Election officials and independent voting-rights advocates said many of the changes pushed by Trump’s allies are unnecessary and, in some cases, unconstitutional. Restrictions on early voting and mail-in voting, for instance, would make it more difficult for legitimate voters to cast ballots, they said.

“MORE EMBOLDENED”

Trump’s victory appears to have emboldened election skeptics in some battleground states that he won this year – such as Georgia, where Republicans have vowed to push for new voting rules.

In the lead up to the Nov. 5 election, Georgia’s state elections board, dominated by three Trump supporters, proposed new rules to grant local officials the right not to vote for election certification and to require hand counting of votes. Democrats said the changes could have significantly delayed election results and caused chaos. State courts blocked them, but the Republican Party has appealed.
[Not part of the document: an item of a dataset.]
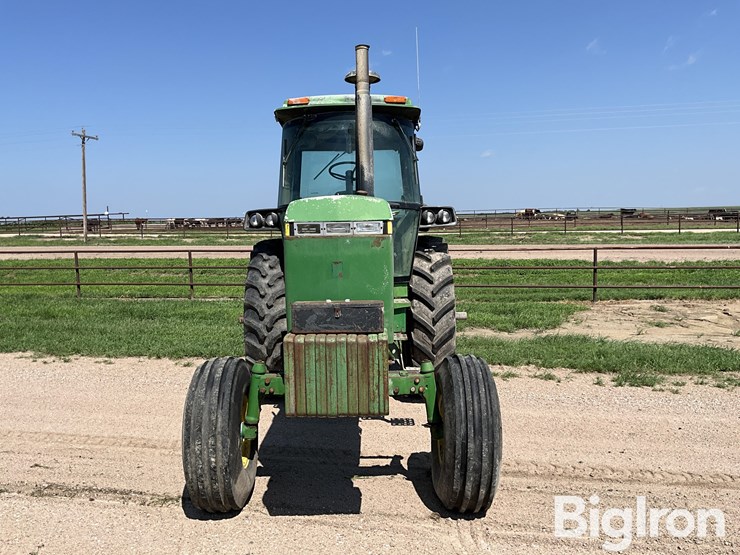 1990-john-deere-4255-image-2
Some Georgia Republicans said they want to enshrine those measures in state law. “We'll be going to the legislature and asking them to address some of these issues” in the next session in January, said Josh McKoon, head of the Georgia Republican Party. Such proposals are likely to face opposition from Governor Brian Kemp and Secretary of State Brad Raffensperger, both Republicans who resisted pressure from Trump in the 2020 election “to find” him the votes that cost him Georgia.
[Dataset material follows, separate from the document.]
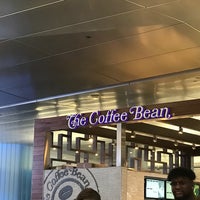 Photo taken at Coffee Bean and Tea Leaf by Tonee R. on 6/15/2019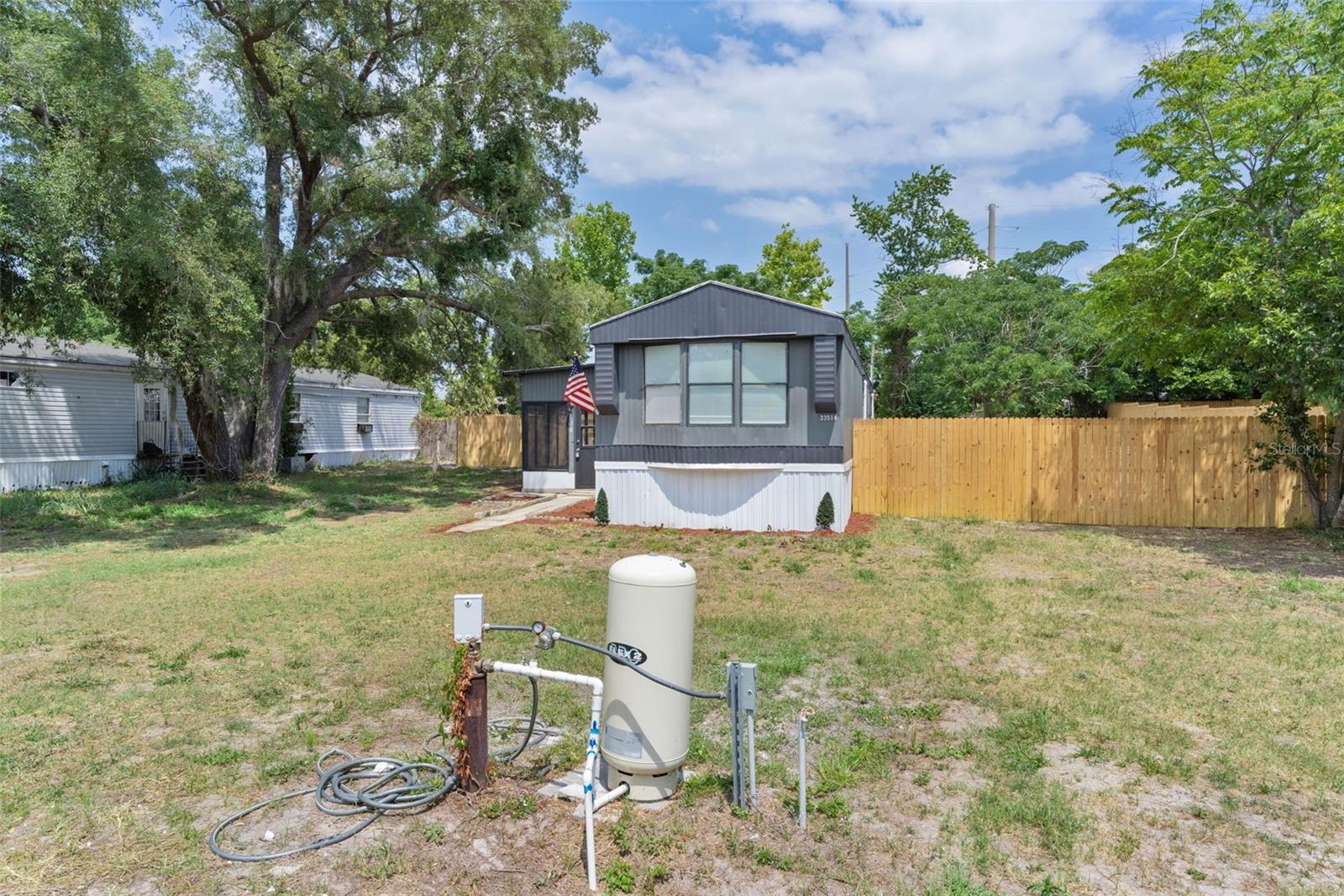 Image 6 of 39 For 33514 Luana Court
McKoon said Georgia Republicans also want to increase funding to the state election board for investigations, which could result in the removal of local officials who they believe mismanage elections. He singled out Fulton County, the state’s most populous and a center of Black political power, as a possible target.

Democrats and voting rights groups say the attacks on Fulton are a cover for efforts to suppress Black and Democratic votes. McKoon dismisses his critics as blind to problems in the election system. “It's a position that is insulting,” he said.
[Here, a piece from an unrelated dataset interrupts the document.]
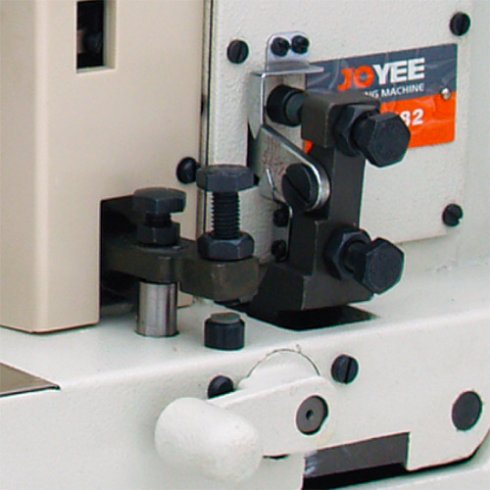 Петельная машина челночного стежка Joyee JY-K781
Anita Tucker, a Democrat on the Forsyth County election board, said local conservative activists appear invigorated by the election, determined to uncover more evidence of fraud. “You would think after the results of this election that they would calm down, but they are now more emboldened,” Tucker said.

“BRING IT”

In other states, the push for significant changes in election law appears to face higher hurdles.

In Arizona, a hotbed of voting disputes and rigged-election conspiracy theories after Trump’s 2020 defeat, Finchem said he will seek sweeping voting rule changes, including restrictions on early voting and requiring hand-counting of ballots. But Democratic Governor Katie Hobbs, a former secretary of state, is expected to veto such legislation if it passes. Hobbs’ office did not reply to a request for comment.

In Wisconsin, another battleground state where Trump’s 2020 defeat spurred Republican claims of widespread election fraud, two of the most vocal leaders of that movement were defeated in Republican primaries for state legislative seats this year. And while Republicans retained control of both chambers of the state legislature, the Democratic governor could veto any legislation to revamp voting processes.

Similar hurdles exist in Michigan and Pennsylvania, where Democrats will control the governor’s office and one chamber of the legislature. In Nevada, where the governor is a Republican, Democrats control both chambers of the legislature.

In parts of Michigan, however, 2020 election conspiracy theories continue to roil some local offices.

Days before the Nov. 5 election, state authorities removed a conservative clerk and his deputy in Rock River Township, a small community of 1,200 people, who wanted to count ballots by hand. The push for hand tallies appeared to be inspired by misinformation about insecure voting machines.

In rural Antrim County, where a clerical error fueled election conspiracy theories in 2020, newly elected Republican clerk Victoria Bishop campaigned on a promise to hand-count already-tabulated ballots, which the state says violates the law.

When a reporter asked if Bishop feared she'd also be removed, her spokesperson was dismissive: “Bring it.”